Transparency & Discretion

It’s a constant refrain in multifamily governance and management: open, transparent communication between boards, managers, and residents is vital to running a building or HOA effectively and equitably. Unresponsive, disconnected leadership makes for apathetic, even resentful residents—and that leads to all kinds of problems, from rule-breaking all the way to litigation. 

But should all the details of a community’s administrative life and governance be available to all? Of course not. Individual members’ personal confidential information must be protected, as well as some of the boards’ communications and decision-making. But outside of those specific contexts, for effective management of a community’s business, transparency must be not only the byword, but the everyday practice.

Why Complain?

There’s an old adage that says, in short, “If you don’t vote, you can’t complain.” In shared interest communities, which are essentially mini-democracies, there’s plenty of voting—and plenty of complaining. While residents can (and do) find just about anything to complain about, lack of transparency is often at the root of many gripes.

“In my experience,” says Kris Kasten, a partner with Chicago-based law firm Bartzen Rosenlund Kasten, “owners generally complain about the board either for not doing something, or not doing things properly. One of the most significant factors leading to owner complaints is lack of communication, or communication that’s unclear. Timely and effective communication, whether through technology or using old fashioned paper, will greatly increase transparency.”

Scott Wolf, CEO of Boston-based management firm BRIGS, fills in the picture of where owners are coming from on this issue: “They just want to know what’s going on,” he says. “They may not necessarily want minute details, but they want to be kept in the loop. For instance, we’ve found that owners appreciate it when boards distribute monthly income statements. Why? Because they know where their money is going.”  
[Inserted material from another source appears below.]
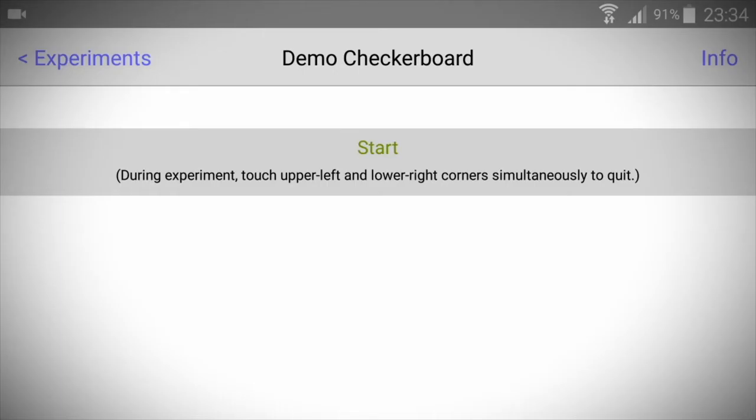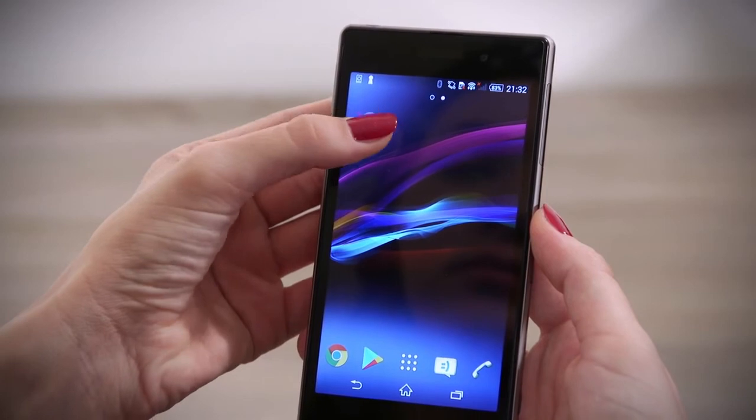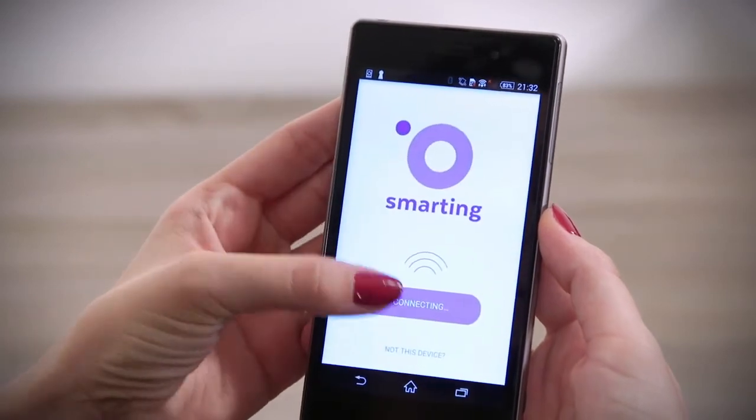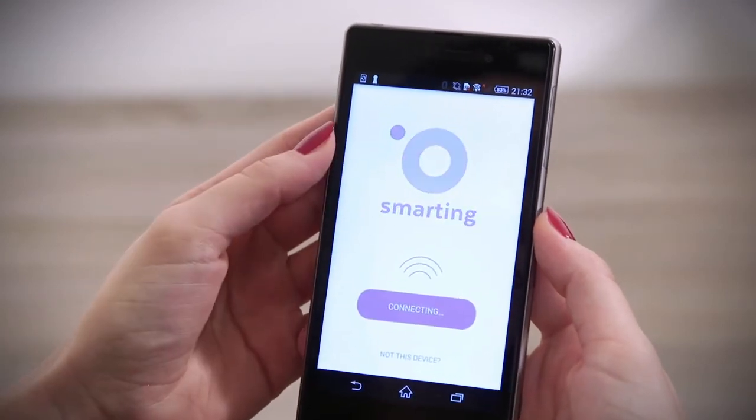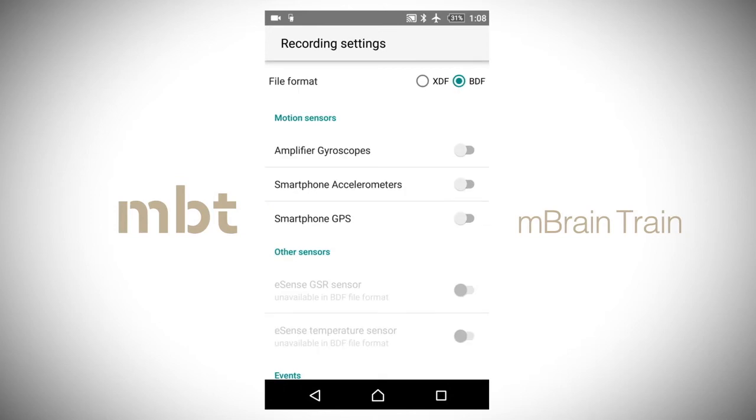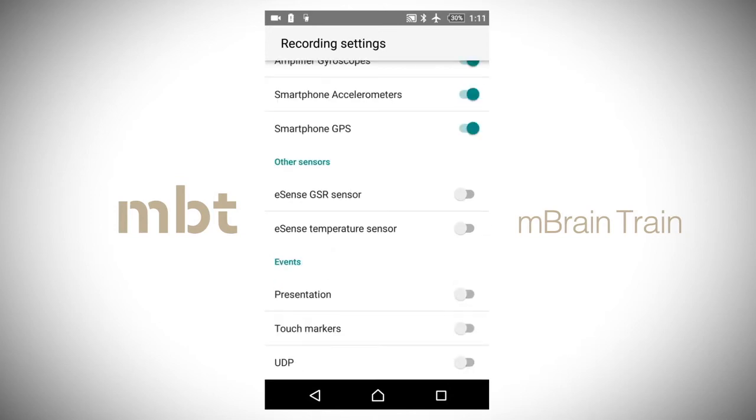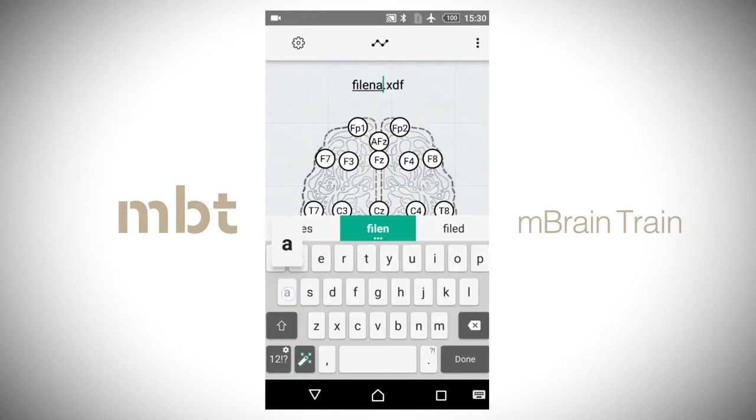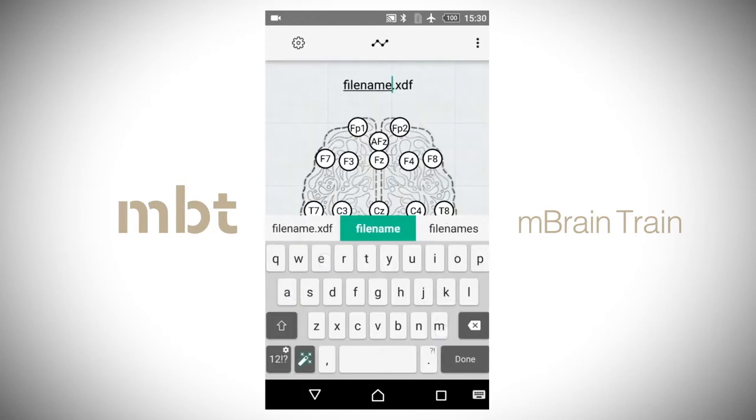Open the Smarting app and connect to the Smarting EEG system. Go to settings and enter the recording settings. Select the XDF file format and enable presentation from the events menu. Go back to the main menu and provide the desired file name.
Yotam Cohen, CEO of Daisey, a management firm based in New York City, agrees.  “A building’s ecosystem is built on trust,” he says. “Trust comes from transparency, responsiveness and clear communications. We believe transparency is the foundation of good community relations between the board and the members. The alternative is mistrust, and upset owners.”

“In addition to transparency, timeliness is a big issue,” adds Scott Piekarsky, a principal with the law firm of Offit Kurman in Hackensack, New Jersey. “Many times though, residents want instant gratification when they ask a question or make a complaint. They want full disclosure, and they become impatient.”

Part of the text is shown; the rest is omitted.